Afterward there was a reception in the Atrium with exceptional food - bravo Kennedy Center for actually shelling out money on us!!
Then we all went back to the dorms to start out LAST NIGHT together! (I spent the night so I could say goodbye in the morning). Initially we went to the computer labs and spent a looooot of time looking at my pictures from SMI and some random comics with the bassoon player and hanging out. Went back to the dorms and had "camp confessionals" with some people which ended up not being too exciting except for the RA's crazy story of his audition at NT and the coyote ugly bar he went to afterward. Spent a lot of time fighting tiredness and just chatting away. Then I got up and poked around the dorms to see what was happening - spent some time in David's room with Nathan and Cooper watching them make this HUGE 6-egg omlet which, after it was done, was shared between everyone on the floor and the floor below and the basement. Spent a looong time in the basement watching people play spades and psychaiatrist and made a soda run with David and Coop which I think may have been the start of my second wind - after that I was really energetic and talkitive. I got into a phase where I just abbreviated pretty much everything I said. Vermont = V-Mont, Andrew Krimm = A-Rim, David Miller = D-mil, Starbucks = S-bucks, etc. But then Andrew tried to abbreviate "shoes" and he learned the hard way that one-syllable words do not take well to abbreviation. Went upstairs to Andrew, Brian, and Zhao's room where we just talked and laughed at everything because I think we were allllll really tired. Made a starbucks run at about 6am, after it stopped raining because the guys were being wimps and wouldn't walk across the street in the rain. Then, after a little while came the start of the goodbyes.
People were leaving in shifts for their flights out of National and little by little we were losing musicians. I said goodbye to a lot of people I had become close with and managed not to cry (which might have been because I was too tired to muster up the energy) and helped people bring down the luggage and such.

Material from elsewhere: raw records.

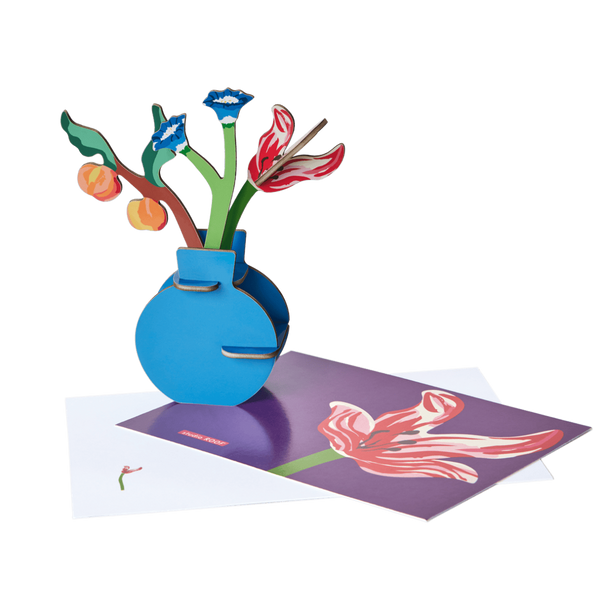 Pop-up card with a blue vase and flowers on a green background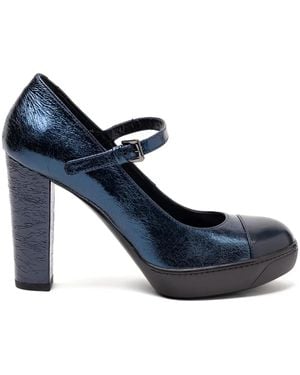 Hogan Buckle-Strap Court Shoes - Blue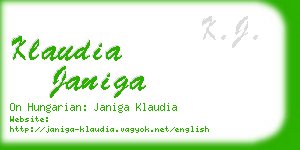 klaudia janiga business card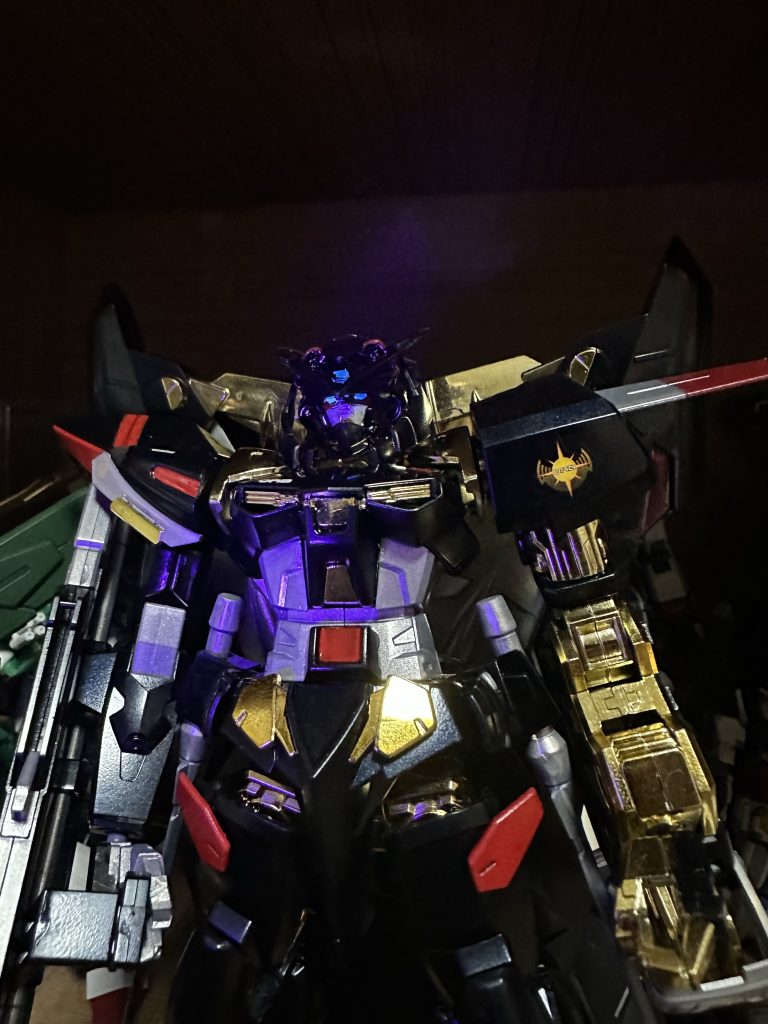 目などは蛍光塗料を使用。ちなみに腹など一部は薄いグレーパーツでしたがやすっぽいので、ホワイトシルバーで塗装しました。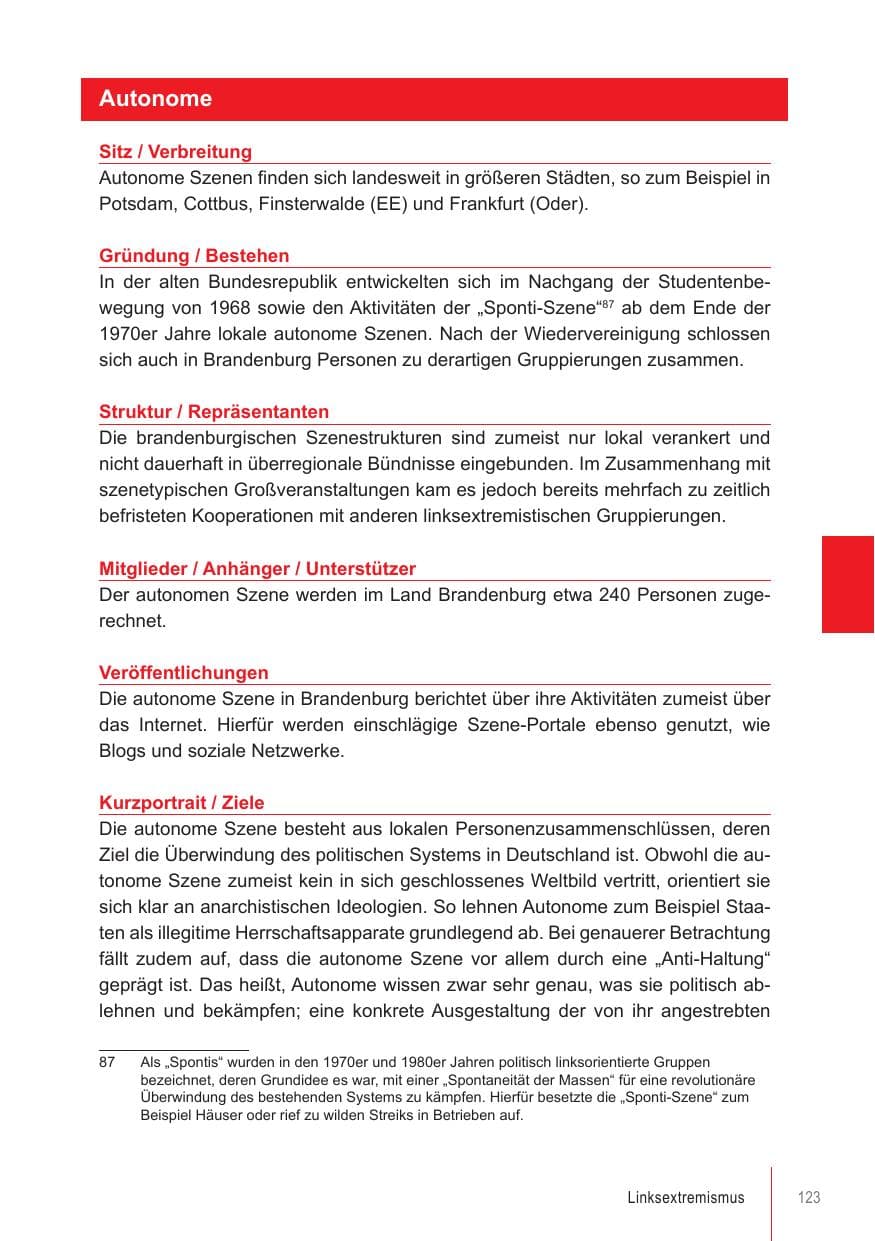 Seite 123 des Verfassungsschutzbericht 2018 Brandenburg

It was hard to say goodbye to David and Colin and Alex and Brian because I'm going to miss our quintet SOOOOO much - they all called me "Dikeis" or "Kahn" or "tuba" as a final goodbye (sounds stupid but it's sentimental). Had to say goodbye to David Miller who I had just gotten to know a couple days prior and that was really sad too. I neded up going to the airport with Tatiana because otherwise she would have had to ride alone and that's just too sad. Helped her check in and all that jazz and waited with her outside the security checkpoint for a little while when we saw Nathan, Nick, and Andrew in the distance coming toward us so we waited for them as well. It was really hard to say goodbye to Taneea, Allison, and Tatiana because they were the 3 girls that I really became close with over the month - and Andrew because he's sooooo fun and lives in friggin Texas so I'll probably never see him again. So I managed not to cry riiiiight until they passed under the metal detector and then I thought to myself "holy crap they're leaving" and I started to cry, right there in the middle of National airport clutching my green plaid pillow to my chest. I stood there for a long time, to make sure they all got through (which took a long ass time because of one of their suitcases) and when they rounded the corner to their gates I just turned and started walking down the main lobby to the metro station. I popped in my I-pod so I could at least have music to my pain and it felt like a scene from a movie or a music video. This lone girl in the lobby of National airport holding all these random bags walking away from the checkpoint blasting "Woke Up in a Car" by Something Corporate and "Iris" by Goo Goo Dolls. I must have been a pretty sorry sight - looking gross from staying up all night and then crying on top of it. Whatever there's nothing I could do to stop myself. I might never see those guys again! That's friggin sad! I'm going to have so many memories from this month I just wish it hadn't gone by so quickly. It feels like just yesterday I walked into my quintet for the first time and met my guys and realized what a kick ass summer this would be.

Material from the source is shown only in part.